I pulled the huge garment bag out of the spare bedroom closest and hoisted it over my shoulder to bring to our room. I unzipped the bag (well, the part that wasn't already torn open anyway. Thanks, David's Bridal. That much for a dress and you can't at least give me a bag that doesn't shred upon contact with feathers?) and out came all the ruffles, all the sparklies, all the girly giggling that I had the first day I put it on. I had to tell Steven (again) what it was like being there and finding that dress. (Big thanks to Tiff who told me to try it on even though it had all these features I swore I didn't want--ruffles, sparklies, sweetheart neckline) I stepped into the dress and turned to be laced up.
And it didn't fit. It just plain didn't fit. It was too big. Way too big. I'm a girl who is used to things being too small. And this was falling off of me! And there was no amount of tightening on Steven's part that would have made it work. Now I think I've established how much I love my wedding dress, but I could not be more thrilled that I can't wear it. It's not like i need it or have somewhere to go that a white, bridal gown, complete with train, would be called for. At least not at the moment.
For all my elation I also got a little down. Why? Well, it's like i asked Steven. Why didn't I do this sooner? I feel like there were all these things that I didn't enjoy to the fullest because of all this extra weight I was pulling around. I wondered aloud at how much better our wedding pictures would have been. Steven stopped me and said, "that's silly. our day way perfect; i wouldn't change a thing." And that's why I bought the big white dress, complete with sparklies and ruffles, and walked down the aisle to him.
Sunday, July 18, 2010
Cheaters Never Win. Define Never.
I'm not sure if you've noticed but I've been hiding something from you. It's true. When I started this blog I promised myself that I would put it all out there when it came to my new healthier lifestyle. The good, the bad and the pudgy. It was going to be my motivation; a way to keep me accountable for what I've done. So when i started cheating a bit on my diet, i started posting fewer blogs. Lying by omission I guess. I might have (definitely did) left out (completely avoided) a few (all) of the less positive (bad, bad, bad) details of my last few weeks. And for this, i am sorry (kind of).
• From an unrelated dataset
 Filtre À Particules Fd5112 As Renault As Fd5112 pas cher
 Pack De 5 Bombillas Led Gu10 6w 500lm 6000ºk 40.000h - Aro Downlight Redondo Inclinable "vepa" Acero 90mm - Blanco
See, things were going so well that i didn't want to let you know that i had slipped a little. And at times, a lot. I gained some of my weight back and i did it pretty quickly. It freaked me out but not enough to stop me from my downward spiral. Those terrible foods that are oh-so-yummy called my name and wouldn't let me go. I ate Mexican (often), cookies, chips, things covered in cheese, things covered in grease, cookies (oh, did i mention those already?), and lots of other things that i had sworn off or at least had limited to once-in-a-while treats.
On top of this i stopped working out. See, it's hot outside. Like stupidly, humid hot. And when the thermostat gets set on Hades i have a hard time pushing myself to do anything that makes me voluntarily sweat. During the time of year when the short walk from my car to the house makes me feel sticky and rundown, all i want to do when i walk in the door is change into comfy clothes and cool down. Jumping on the elliptical is not a cool down type of activity. It's a sweaty one. And, dang it, i'm tired of sweating!!!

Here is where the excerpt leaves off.